Thanks to the leadership of the Association of Women’s Business Centers (AWBC) and the U.S. Small Business Administration, the Women’s Business Center of Kentucky is now partnering with Kentucky State University to promote the value of entrepreneurship and business development to a new generation of students. In response to guidance from the AWBC, the Women’s Business Center of Kentucky developed an actionable plan to partner with the historically black colleges and universities in the state to help their students develop a fuller understanding of entrepreneurship and business ownership.
The plan sought to provide support for students in the form of business workshops, business training, and the development of student-led programming focused on entrepreneurship. Phyllis Alcorn, Director of the Women’s Business Center of Kentucky, began working with Daryl Love, Associate Vice President of Career Services and Professional Development to explore what the partnership could become.
Since 2011, the Women’s Business Center of Kentucky has helped women entrepreneurs, especially those who are economically or socially disadvantaged, start and grow businesses in Kentucky.
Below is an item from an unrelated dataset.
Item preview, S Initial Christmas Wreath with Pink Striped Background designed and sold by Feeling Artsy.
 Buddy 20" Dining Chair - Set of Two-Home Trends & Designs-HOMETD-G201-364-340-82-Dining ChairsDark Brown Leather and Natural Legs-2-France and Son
The WBC offers business training and technical assistance, helps business owners gain access to capital, and provides programming in the form of workshops, conferences, and roundtables to educate future business owners and entrepreneurs. For Phyllis Alcorn and the WBC, the potential impact of this partnership is clear. “Our goal is to help these students with an interest in business, to cultivate that interest, and give them the tools to be successful entrepreneurs and job creators for their communities. We want to give them a more realistic view of business ownership.”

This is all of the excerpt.